**EXERCISE AIM**. Print each line below verbatim, skipping every picture.

**DATASET EXTRACT**.

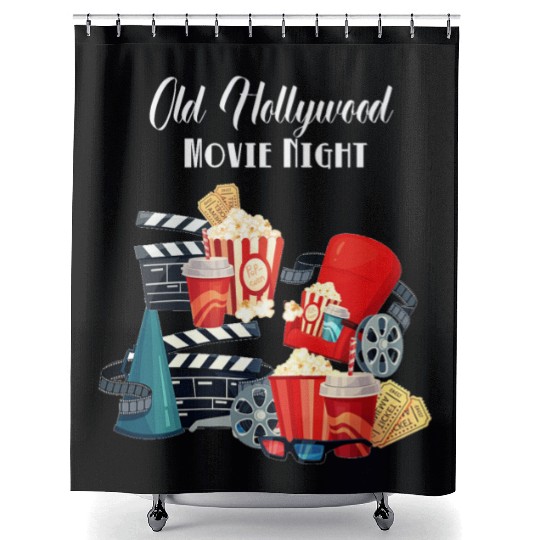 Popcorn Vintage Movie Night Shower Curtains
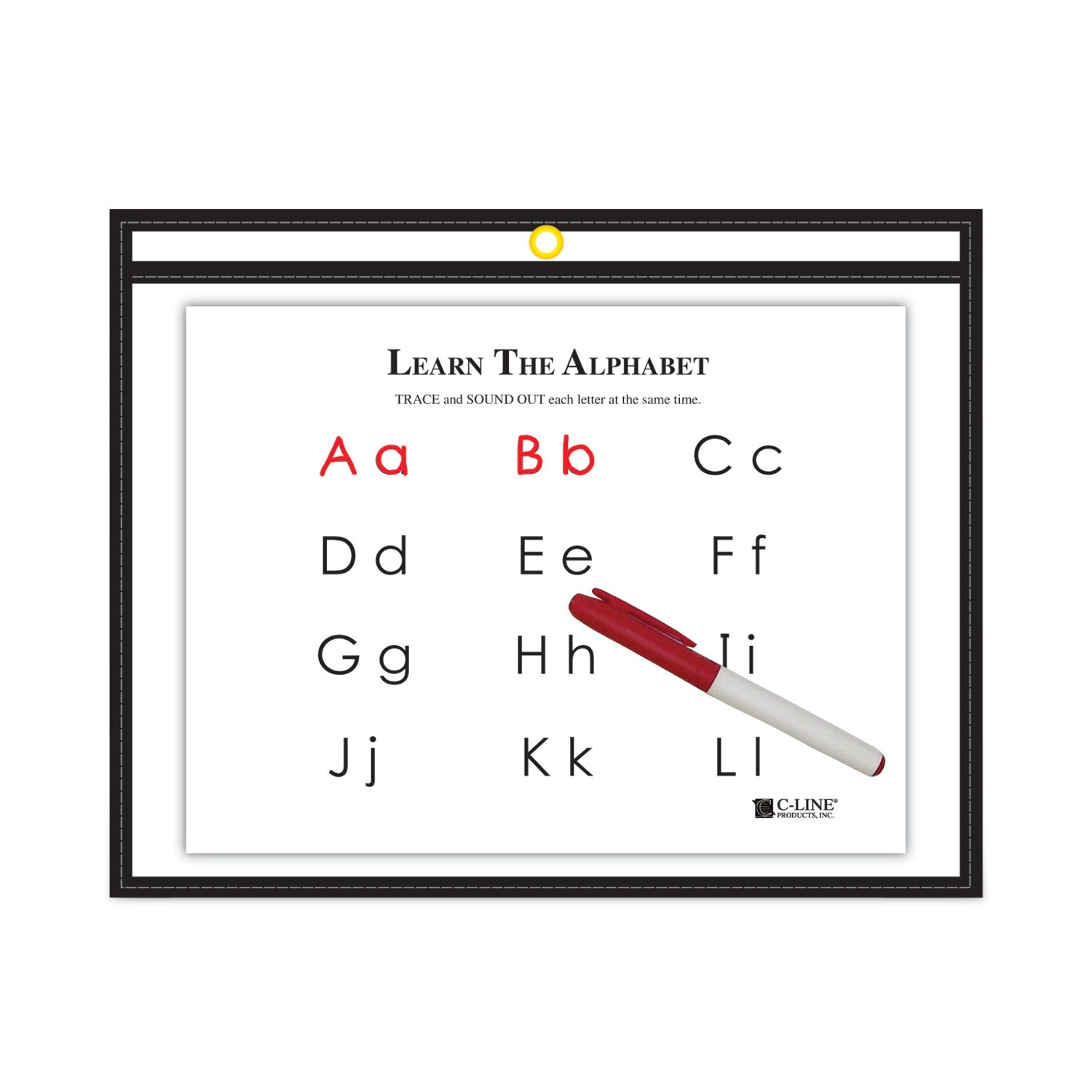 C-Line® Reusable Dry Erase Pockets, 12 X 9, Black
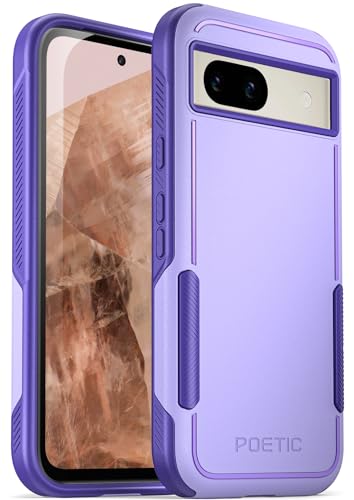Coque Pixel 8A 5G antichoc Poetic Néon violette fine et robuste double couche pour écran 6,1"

**RESPONSE TO THE TASK**.
 Popcorn Vintage Movie Night Shower Curtains
 C-Line® Reusable Dry Erase Pockets, 12 X 9, Black
Coque Pixel 8A 5G antichoc Poetic Néon violette fine et robuste double couche pour écran 6,1"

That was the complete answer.